We got through customs after a thirty minute wait then collected our waiting cases.
We grouped outside where we were asked to complete a registration form before being shown to our coach. Once again I witnessed the culture of helpers wanting tips, with a guy grabbing my case, moving it five yards and expecting a tip. I acted as if I didn’t have any change, grabbed my case and put it on the coach. We soon set off towards the MS Da Vinci, with a guide giving us a rundown of Luxor and the agenda for the evening. We arrived at the boat after about 30 minutes drive and were welcomed aboard with a fruit drink made from Hibiscus, which was quite pleasant. We watched a short ‘safety’ video which made us chuckle, “the tourist will do this”, “the tourist will enjoy themselves”, and “old people should take care around the boat”. Somehow the seriousness of the message was lost in translation.
We collected our cabin key (323) and a porter took our bags to the room. Again he looked eagerly at my pocket and I succumbed and gave him a couple of quid. This could be an expensive tipping week. Our twin room was nicely furnished, with a TV, fridge and fully air conditioned. In fact it was so cold I switched it off before we both had showers for fear of freezing. We dressed for dinner and then set off to the restaurant, which we were told was at 7.30pm.

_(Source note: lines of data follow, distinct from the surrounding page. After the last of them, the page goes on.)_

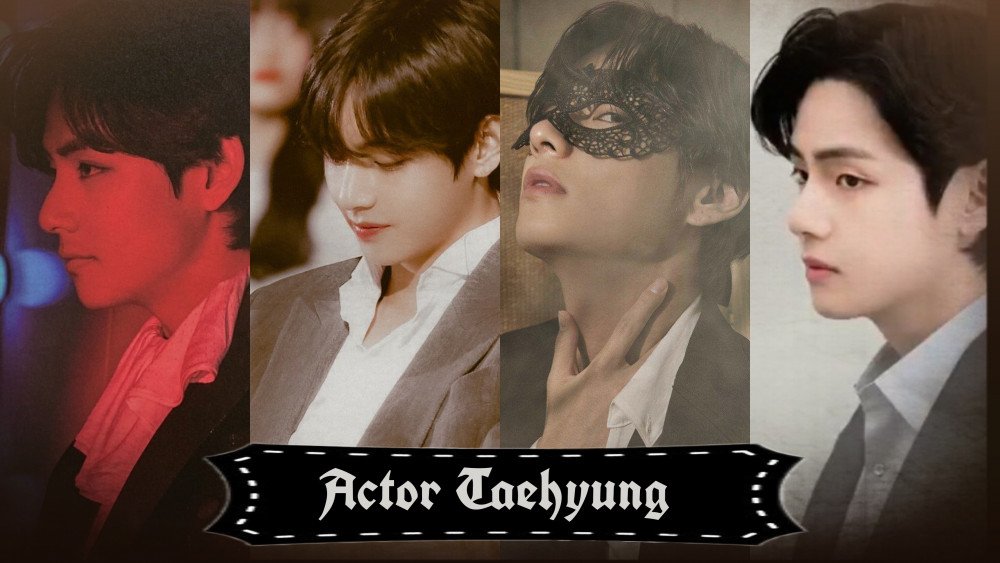 BTS, V BTS, Heath Ledger, Proof, Joker, Taehyung, V BTS phản diện, V BTS Heath Ledger, V BTS Joker, V BTS Fate Reader, V BTS villain, V BTS movie, actor Taehyung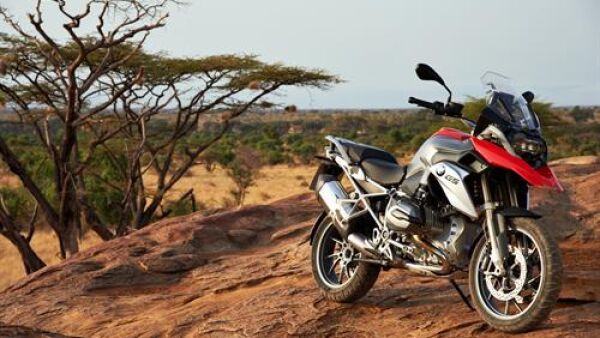 BMW R 1200 GS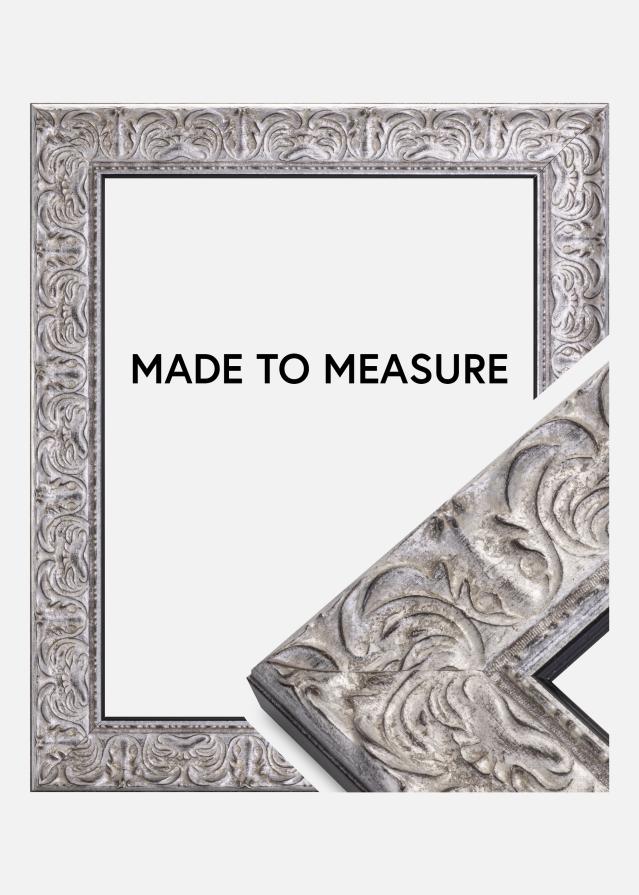 Рамка Durham Сребро - произволен размер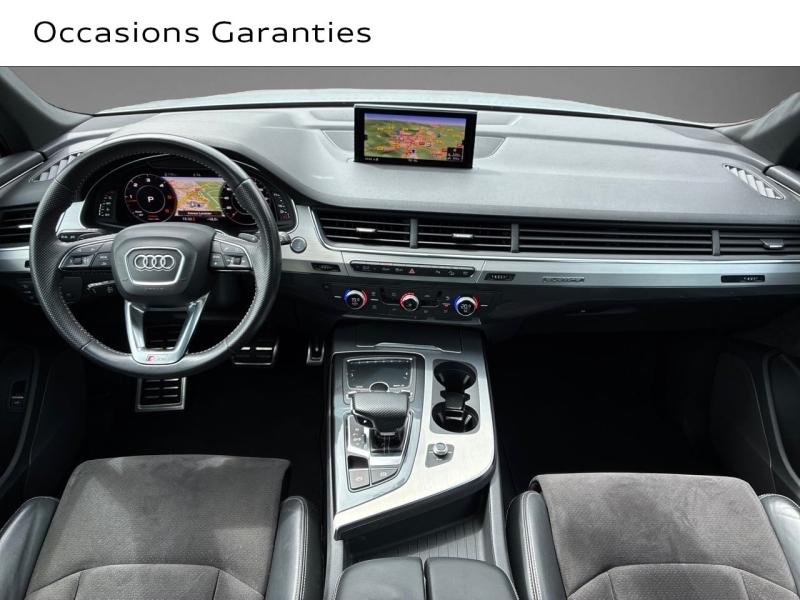 Voitures occasions Audi Q7 S line Clermont-Ferrand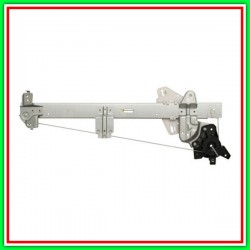 Right Front Crystal Mechanism Mod5 Doors HONDA Jazz-(Year 2008-2010)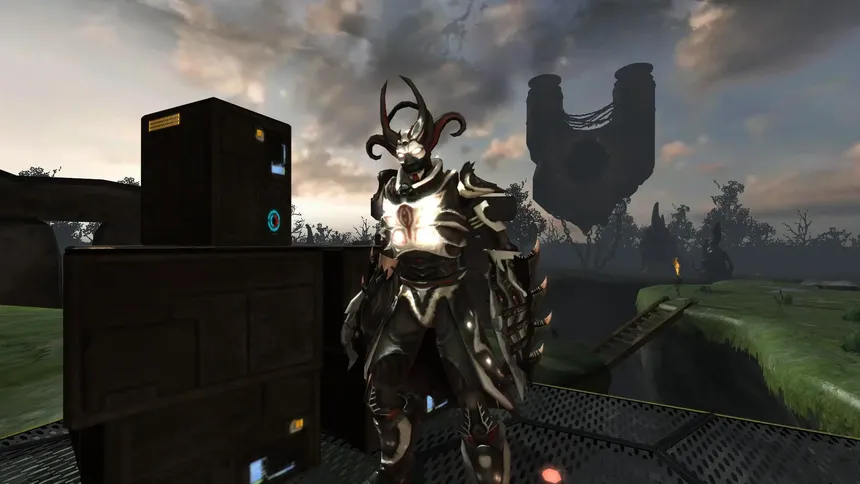 Скриншот 8 к игре HELLGATE: London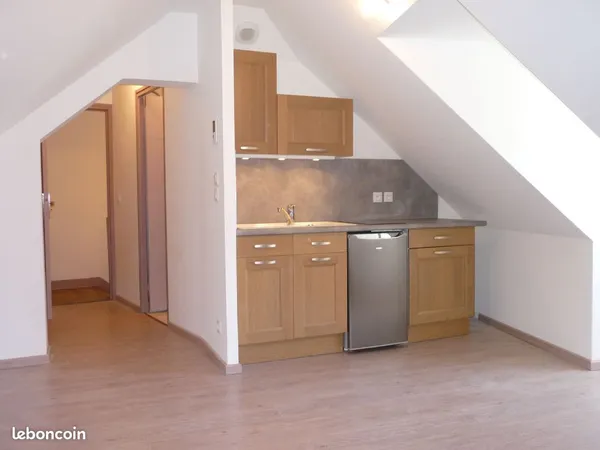 Appartement t1+ 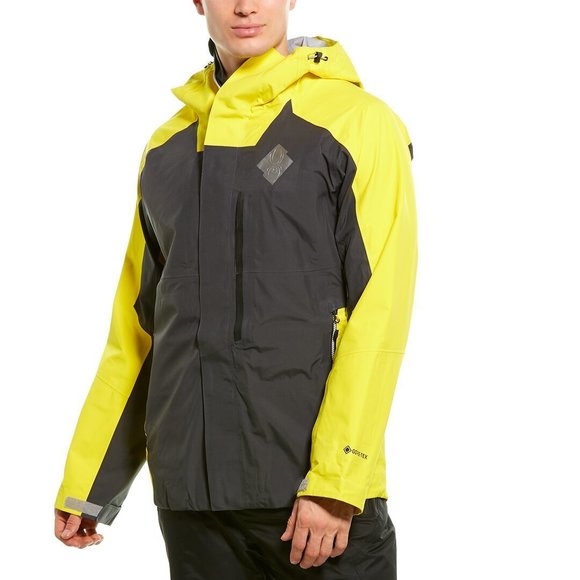 Spyder Jackets & Coats Spyder Jagged Gtx Jacket Poshmark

At bang on the stated time a dinner bell rang to indicate that we could move into the dining room. We were allocated a table (number 4) with another three couples and told by our dinner guide that we would stay on that table for the duration of the holiday. We were then offered drinks and told by our waiter Mohammed that we could save half a bottle for tomorrow. So that told us. We all introduced ourselves on the table and then asked for any dietary requests. Obviously my Coeliac condition sparked a topic of conversation and straight away I was singled out as needing different food. Sabya (our dining matre d) turned my soup bowl over suggesting I couldn’t have what everyone else was having. But to my surprise I was then served a vegetarian soup which was ok. Soon after everyone else was served chicken soup. The main course was chicken, rice, salad and peppers followed by fresh fruit. Again this was served before everyone else but it all looked the same to me. I couldn’t have any other deserts which did look nice. Oh well.
After dinner we had a quick look up on deck before the welcome meeting with our tour guide, Mustafa who gave us the itinerary for the week.
He discussed the trips in his best English; some of the phrases such as…”very good value for the money”, when talking about the camel ride, “have bird eye view” when up in a hot air balloon” and his diplomatic way of saying about rogues conning the tourists “another way of deceiving peoples”. Then the great news that the first excursion starts at 6.30am with a 5.30am alarm call. Wonderful.